Material for this task ->
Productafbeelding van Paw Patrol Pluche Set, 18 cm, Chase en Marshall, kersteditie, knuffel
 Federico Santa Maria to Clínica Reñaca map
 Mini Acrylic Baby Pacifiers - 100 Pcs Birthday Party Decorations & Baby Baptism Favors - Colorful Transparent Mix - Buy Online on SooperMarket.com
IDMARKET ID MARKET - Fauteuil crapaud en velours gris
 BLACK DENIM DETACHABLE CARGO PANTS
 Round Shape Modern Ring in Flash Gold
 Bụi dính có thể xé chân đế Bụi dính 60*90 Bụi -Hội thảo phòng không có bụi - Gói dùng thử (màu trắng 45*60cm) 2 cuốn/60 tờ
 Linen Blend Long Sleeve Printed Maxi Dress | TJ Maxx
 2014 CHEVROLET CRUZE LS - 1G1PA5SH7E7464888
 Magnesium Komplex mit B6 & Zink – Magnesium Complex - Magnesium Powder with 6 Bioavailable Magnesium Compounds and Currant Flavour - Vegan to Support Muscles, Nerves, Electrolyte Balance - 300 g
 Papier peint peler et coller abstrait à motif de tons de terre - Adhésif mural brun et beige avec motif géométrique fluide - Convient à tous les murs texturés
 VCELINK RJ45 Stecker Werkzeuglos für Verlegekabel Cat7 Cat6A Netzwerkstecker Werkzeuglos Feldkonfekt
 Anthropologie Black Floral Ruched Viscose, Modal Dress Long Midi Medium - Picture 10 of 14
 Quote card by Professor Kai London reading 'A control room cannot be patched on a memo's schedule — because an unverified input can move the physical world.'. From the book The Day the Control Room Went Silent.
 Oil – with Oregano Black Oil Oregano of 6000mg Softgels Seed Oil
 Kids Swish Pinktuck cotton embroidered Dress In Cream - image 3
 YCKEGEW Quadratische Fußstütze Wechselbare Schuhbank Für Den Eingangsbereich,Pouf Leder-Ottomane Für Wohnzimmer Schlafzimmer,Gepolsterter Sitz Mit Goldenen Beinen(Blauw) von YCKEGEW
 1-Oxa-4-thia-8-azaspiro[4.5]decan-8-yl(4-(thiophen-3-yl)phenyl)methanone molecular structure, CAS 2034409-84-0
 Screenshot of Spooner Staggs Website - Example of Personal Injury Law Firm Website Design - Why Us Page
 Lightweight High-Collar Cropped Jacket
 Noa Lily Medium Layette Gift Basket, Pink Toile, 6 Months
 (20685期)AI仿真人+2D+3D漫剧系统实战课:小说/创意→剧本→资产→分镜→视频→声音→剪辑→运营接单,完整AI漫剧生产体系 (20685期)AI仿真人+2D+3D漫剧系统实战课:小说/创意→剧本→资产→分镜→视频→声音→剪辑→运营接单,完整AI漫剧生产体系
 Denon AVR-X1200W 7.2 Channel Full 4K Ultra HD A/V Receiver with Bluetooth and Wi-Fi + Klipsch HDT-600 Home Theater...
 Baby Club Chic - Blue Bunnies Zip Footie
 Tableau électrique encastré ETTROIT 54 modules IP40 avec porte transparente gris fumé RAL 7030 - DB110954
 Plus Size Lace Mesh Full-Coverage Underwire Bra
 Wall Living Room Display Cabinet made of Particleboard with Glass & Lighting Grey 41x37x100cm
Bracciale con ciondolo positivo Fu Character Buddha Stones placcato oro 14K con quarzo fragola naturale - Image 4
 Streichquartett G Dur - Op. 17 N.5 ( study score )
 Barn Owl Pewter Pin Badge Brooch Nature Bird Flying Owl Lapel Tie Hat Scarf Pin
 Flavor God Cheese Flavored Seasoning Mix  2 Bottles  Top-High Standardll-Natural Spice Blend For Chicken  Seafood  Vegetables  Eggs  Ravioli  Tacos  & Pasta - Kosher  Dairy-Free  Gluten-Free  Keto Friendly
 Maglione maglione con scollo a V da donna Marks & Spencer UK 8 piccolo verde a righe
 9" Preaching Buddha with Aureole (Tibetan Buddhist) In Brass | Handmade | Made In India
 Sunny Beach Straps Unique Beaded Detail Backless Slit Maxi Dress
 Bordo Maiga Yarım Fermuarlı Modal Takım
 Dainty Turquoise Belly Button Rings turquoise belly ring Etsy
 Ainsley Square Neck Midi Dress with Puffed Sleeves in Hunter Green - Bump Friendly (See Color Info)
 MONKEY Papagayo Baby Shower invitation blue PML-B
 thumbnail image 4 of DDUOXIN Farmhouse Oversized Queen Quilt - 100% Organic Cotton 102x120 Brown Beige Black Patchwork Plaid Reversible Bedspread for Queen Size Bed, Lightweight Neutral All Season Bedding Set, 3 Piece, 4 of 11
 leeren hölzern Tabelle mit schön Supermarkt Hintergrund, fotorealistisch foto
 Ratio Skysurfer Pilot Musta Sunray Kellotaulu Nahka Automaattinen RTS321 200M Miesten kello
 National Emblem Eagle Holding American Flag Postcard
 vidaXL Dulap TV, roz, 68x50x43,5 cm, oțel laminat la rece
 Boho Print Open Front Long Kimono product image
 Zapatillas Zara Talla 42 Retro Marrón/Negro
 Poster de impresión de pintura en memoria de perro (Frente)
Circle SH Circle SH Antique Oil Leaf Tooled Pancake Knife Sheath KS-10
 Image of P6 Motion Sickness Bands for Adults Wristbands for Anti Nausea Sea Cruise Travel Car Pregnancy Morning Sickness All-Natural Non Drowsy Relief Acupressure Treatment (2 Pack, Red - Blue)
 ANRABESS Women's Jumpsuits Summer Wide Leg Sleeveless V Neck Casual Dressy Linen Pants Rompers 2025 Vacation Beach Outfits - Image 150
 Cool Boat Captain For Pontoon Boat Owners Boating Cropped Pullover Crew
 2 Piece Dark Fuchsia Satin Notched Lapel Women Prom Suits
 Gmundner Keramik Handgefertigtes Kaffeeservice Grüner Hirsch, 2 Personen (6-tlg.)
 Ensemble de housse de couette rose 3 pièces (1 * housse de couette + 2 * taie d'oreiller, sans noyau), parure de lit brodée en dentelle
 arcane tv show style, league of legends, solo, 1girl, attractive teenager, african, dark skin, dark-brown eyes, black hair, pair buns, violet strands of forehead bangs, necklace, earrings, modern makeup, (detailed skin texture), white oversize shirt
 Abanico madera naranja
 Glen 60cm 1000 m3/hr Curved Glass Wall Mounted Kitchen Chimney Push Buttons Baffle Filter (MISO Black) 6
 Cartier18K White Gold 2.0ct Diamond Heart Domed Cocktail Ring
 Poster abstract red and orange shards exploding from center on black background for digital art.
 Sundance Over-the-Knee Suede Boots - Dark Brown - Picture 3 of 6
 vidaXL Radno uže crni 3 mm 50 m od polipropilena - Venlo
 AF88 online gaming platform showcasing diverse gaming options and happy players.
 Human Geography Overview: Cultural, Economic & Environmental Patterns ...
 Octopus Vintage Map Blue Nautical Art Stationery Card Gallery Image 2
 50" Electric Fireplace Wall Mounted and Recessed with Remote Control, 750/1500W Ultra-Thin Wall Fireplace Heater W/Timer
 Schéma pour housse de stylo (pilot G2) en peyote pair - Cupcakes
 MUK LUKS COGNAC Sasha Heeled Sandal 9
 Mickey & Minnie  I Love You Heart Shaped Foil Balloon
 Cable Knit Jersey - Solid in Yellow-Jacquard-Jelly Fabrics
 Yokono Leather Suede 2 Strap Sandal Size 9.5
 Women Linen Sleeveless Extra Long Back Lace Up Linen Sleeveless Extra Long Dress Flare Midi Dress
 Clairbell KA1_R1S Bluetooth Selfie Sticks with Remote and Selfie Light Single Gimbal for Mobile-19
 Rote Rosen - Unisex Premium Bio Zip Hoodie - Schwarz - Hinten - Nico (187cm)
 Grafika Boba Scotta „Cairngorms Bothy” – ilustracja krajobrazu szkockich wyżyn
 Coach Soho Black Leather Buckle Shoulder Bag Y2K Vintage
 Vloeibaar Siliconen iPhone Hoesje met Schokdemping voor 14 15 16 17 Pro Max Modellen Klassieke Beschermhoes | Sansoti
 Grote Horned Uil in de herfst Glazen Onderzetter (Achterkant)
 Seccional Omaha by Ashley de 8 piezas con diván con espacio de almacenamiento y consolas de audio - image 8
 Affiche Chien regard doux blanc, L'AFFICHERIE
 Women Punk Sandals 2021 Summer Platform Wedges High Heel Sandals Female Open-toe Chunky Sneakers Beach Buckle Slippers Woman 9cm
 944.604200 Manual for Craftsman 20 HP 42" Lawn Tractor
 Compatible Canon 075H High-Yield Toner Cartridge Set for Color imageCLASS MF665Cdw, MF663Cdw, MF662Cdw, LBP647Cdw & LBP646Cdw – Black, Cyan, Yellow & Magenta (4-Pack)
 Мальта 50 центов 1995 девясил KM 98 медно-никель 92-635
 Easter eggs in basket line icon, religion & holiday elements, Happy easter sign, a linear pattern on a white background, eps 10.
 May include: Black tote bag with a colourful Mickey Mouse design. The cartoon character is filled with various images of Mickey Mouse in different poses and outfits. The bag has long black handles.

Task directions -> Your answer should be a single number: the count of lines in the listing that hold "Room".

Task result -> 2